The first edition of the Parker Brothers game Rich Uncle

The unnamed character made his first appearance outside Monopoly in the Parker Brothers' game Dig, released in 1940. He did not receive a name until 1946, when Parker Brothers produced the game Rich Uncle, where his likeness appeared on the box lid, instructions, and currency. According to Orbanes, the character in the American version of Monopoly is modeled after American Progressive Era businessman J. P. Morgan.

A more contemporary depiction of Pennybags on the box of Monopoly

Between 1985 and 2008, the character appeared in the second "O" in the word Monopoly as part of the game's logo. More recently, he is depicted over the word "Monopoly", drawn in a 3-D style, extending his right hand. However, he no longer appears uniformly on every Monopoly game box.

In 1988, Orbanes published the first edition of his book The Monopoly Companion, sections of which are presented as rare interviews with the mascot character. Orbanes refers to him as "Milburn Pennybags" and "The Rich Uncle", and some of the other characters that appear on the Monopoly board or within the decks of cards are also given names: the character "In Jail" is named Jake the Jailbird, and the police officer on Go to Jail is Edgar Mallory. (In the 1999 second edition of book, the character is instead referred to as "Mr. Monopoly".)

The 1990 Monopoly Jr. board game names its "free parking" square as "Uncle Pennybags' Loose Change".

In 1999, Parker Brothers renamed the character from Rich Uncle Pennybags to Mr. Monopoly. That same year, a Monopoly Jr. CD-ROM game was released in cereal boxes as part of a General Mills promotion. It introduced Mr. Monopoly's niece and nephew, Sandy and Andy.

According to the book, Monopoly: The World's Most Famous Game & How It Got That Way and The Monopoly Companion, Mr. Monopoly has a second nephew named Randy, although the Monopoly Companion refers to Sandy as a boy. Monopoly: The World's Most Famous Game & How It Got That Way also states that Mr. Monopoly has a wife named Madge. He is named as the sixth richest fictional character in the 2006 Forbes Fictional 15 list on its Web site and the ninth richest in 2011.

==Legacy==
In 2017, a staff member of the activist group Public Citizen who dressed as Mr. Monopoly with an added monocle gained Internet and media attention by photobombing the CEO of Equifax during a US Senate hearing relating to that credit bureau's data security breach from earlier that same year. It was an attempt to bring attention to the use of "forced arbitration" to circumvent consumers' rights to sue financial companies in court.

While Google CEO Sundar Pichai testified before Congress on December 11, 2018, a person costumed in a white mustache and black bowler hat as the Monopoly Man was among those seated behind him.

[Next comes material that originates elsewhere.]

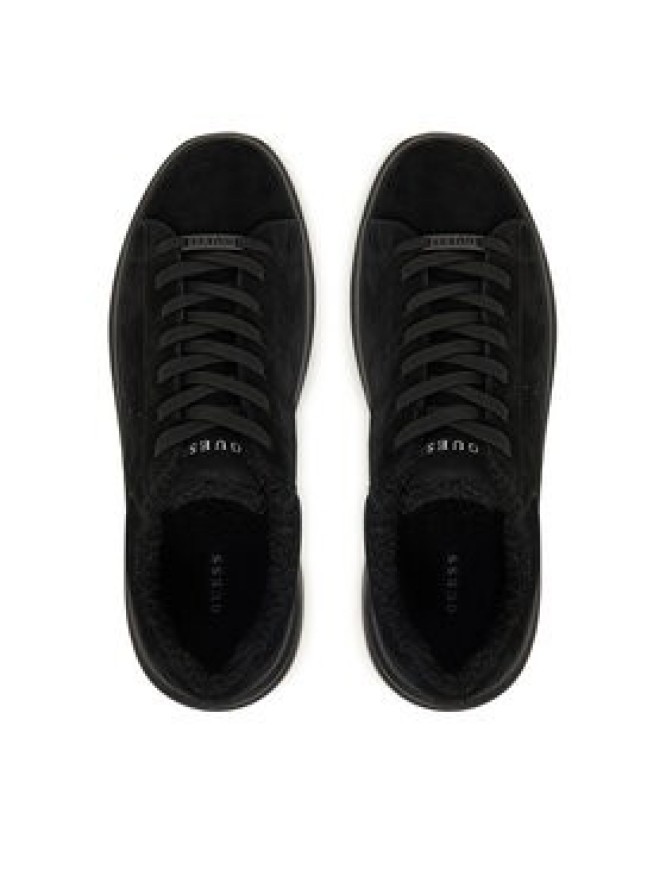 Guess Sneakersy FMFBAN LEP12 Czarny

On September 12, 2023, Ian Madrigal again dressed as the Monopoly Man following Kent Walker, the President of Global Affairs at Alphabet Inc., to Google's antitrust trial United States v. Google LLC (2023) at federal court in Washington, D.C.

Clue: Candlestick, a mystery comic book by Dash Shaw based on the board game Clue, features Rich Uncle Pennybags in a cameo. He is referred to as "Milburn".

Vault Boy, the mascot of the Fallout video game series, is based partly on Rich Uncle Pennybags.

Mr. Monopoly is also the subject of an instance of the Mandela effect – the phenomenon of shared false memories – where he is allegedly depicted as wearing a monocle, which he did not do until after this false memory gained traction. The Mandela effect gained recognition in 2009 when Fiona Broome discovered a similar memory about Nelson Mandela's death. Prior to that there are many examples, such as a scene in Ace Ventura: When Nature Calls, released in 1995, in which the character played by Jim Carrey meets a man with a monocle and mustache and refers to him as "the Monopoly guy".

==Voices==
In licensed media, primarily including advertisements and video games, Mr. Monopoly has been voiced by several voice actors including Tony Waldman, Tony Pope, Wendell Johnson, Dean Hagopian, Larry Moran, Michael Cornacchia, Harry Aspinwall, Paul J. Kinney, Rowell Gormon, Richard Rapp, and Will Ferrell.